Her kelime kendi üzerinde epeyi bir tarih katmanı barındırır. Çünkü anlam, tarihten kopuk değildir. Kavramlar, geçirdikleri dönüşümlerin tanıklarıdır. Raymond Williams’ın (1921-1988) Anahtar Sözcükler’i, günümüz dünyasını her taraftan çevreleyen belli başlı kavramların hangi dönüşümler sonucu bu konuma ulaştıklarına ilişkin dikkat çekici bir serüveni anlatıyor. Kitap, her ne kadar İngilizce eksenli olsa da, aynı kelimelerle düşünen bizler için de gözardı edilmemesi gereken örnek bir çabayı muhatabına sunuyor. Kitaptan örnek olarak sanat ve kariyer kelimelerini seçiyoruz:
“Art İngilizce’de XIII. yüzyıldan bu yana kullanılıyor, yakınkökü Eski Fransızca’da art, kök sözcük Latince artem -beceri-. Başat bir anlam özelleşmesi olmadan, matematikten tıbba, oltayla balık tutmaya kadar çeşitli konularda XVII. yüzyılın sonlarına kadar yaygın biçimde kullanılmıştır... XVII. yüzyılın sonlarından itibaren, sözcüğü o güne dek açıkça temsil edilmemiş bir grup beceriye gitgide yaygınlaşan özelleşmiş bir uygulanışı gözlemlendi: boyama, çizme, oyma ve heykel.” (s. 51)

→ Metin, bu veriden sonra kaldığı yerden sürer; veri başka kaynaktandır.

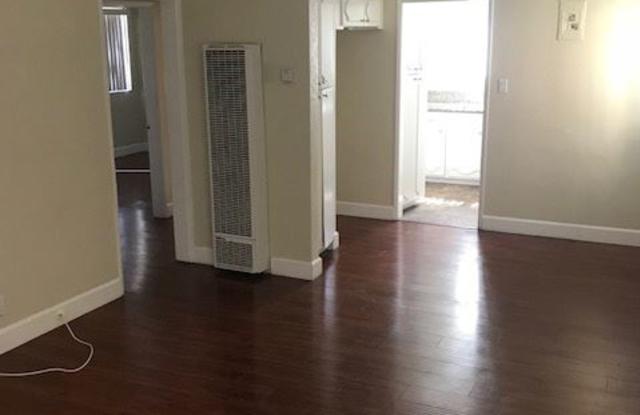 2593 Ulric St Gallery 4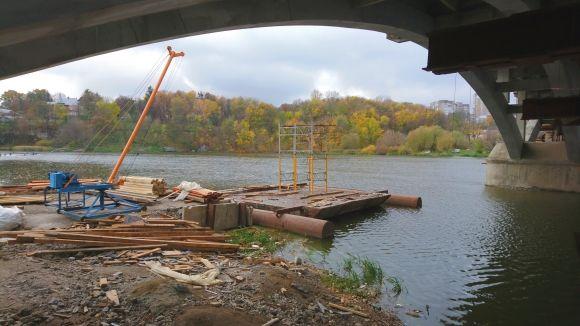 «До літа, можливо, встигнемо». Що зараз роблять на Київському мосту, фото №24 на сайті 20minut.ua
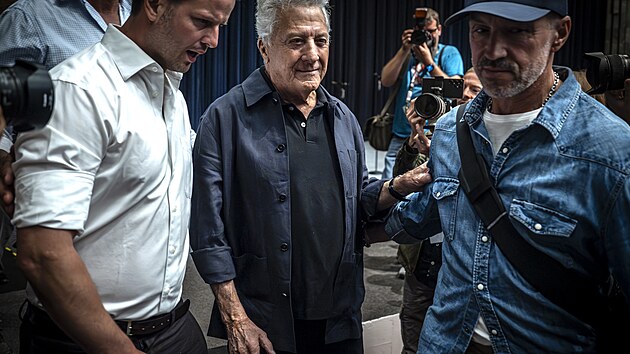 Dustin Hoffman si jde sednout mezi div�ky, aby spolu s nimi mohl sledovat film z �vodu sv� kari�ry (4. �ervence 2026).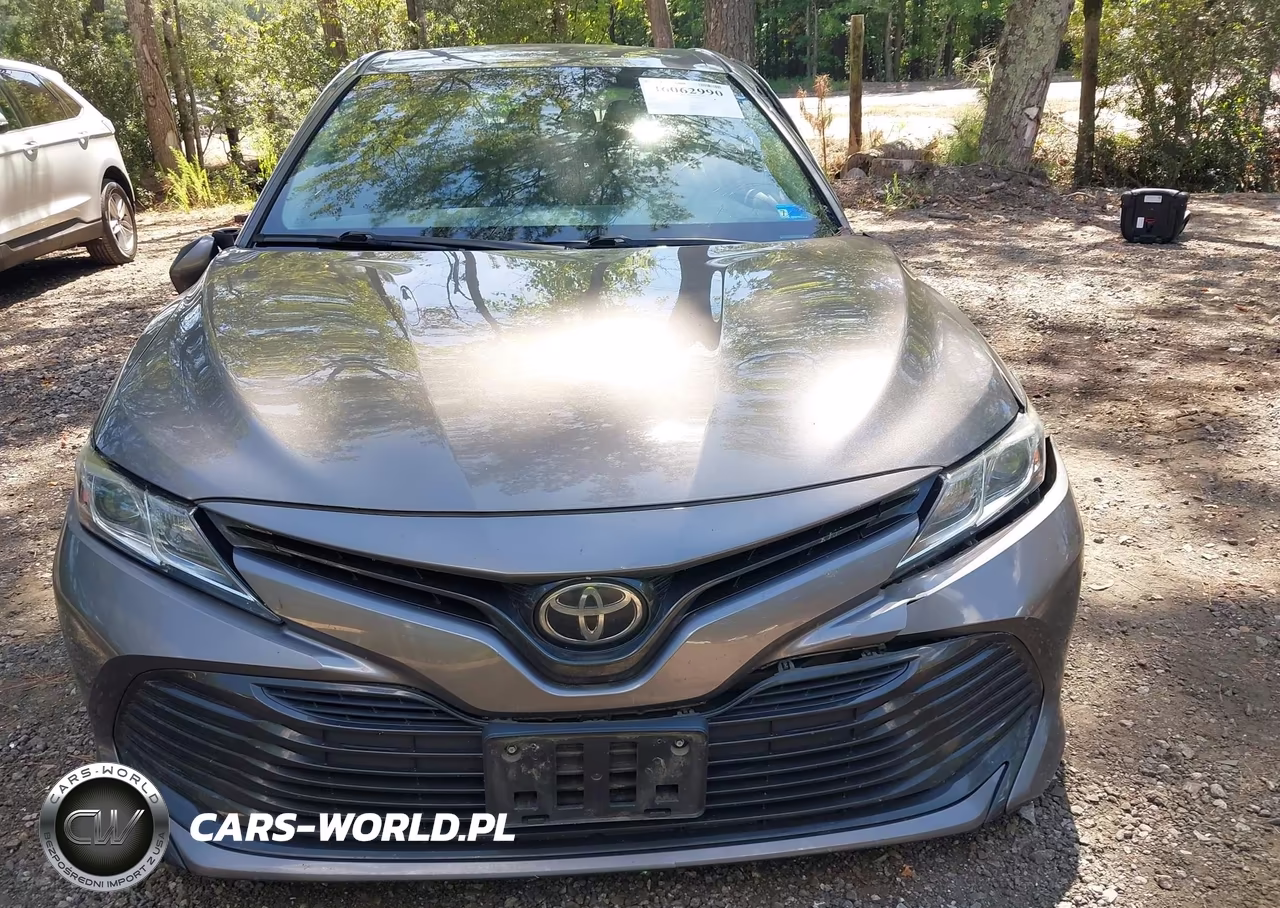 2018 Toyota Camry L VIN:4T1B11HK2JU598390 - 13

“Career İngilizce’de XVI. yüzyılın başlarında görülür, Fransızca yakınkök carrièreden -koşuyolu-, Latince kök sözcük carrariadan -araba yolu-, o da Latince kök carrustan -araba- geliyor. XVI. yüzyılda koşuyolu, anlam genişlemesiyle hızlı ya da kesintisiz etkinlik anlamında kullanılıyordu... XIX. yüzyılın ortalarından itibaren sözcük meslekteki ilerlemeyi, sonra da mesleğin kendisini anlatmaya başlar.” (s. 64, 65)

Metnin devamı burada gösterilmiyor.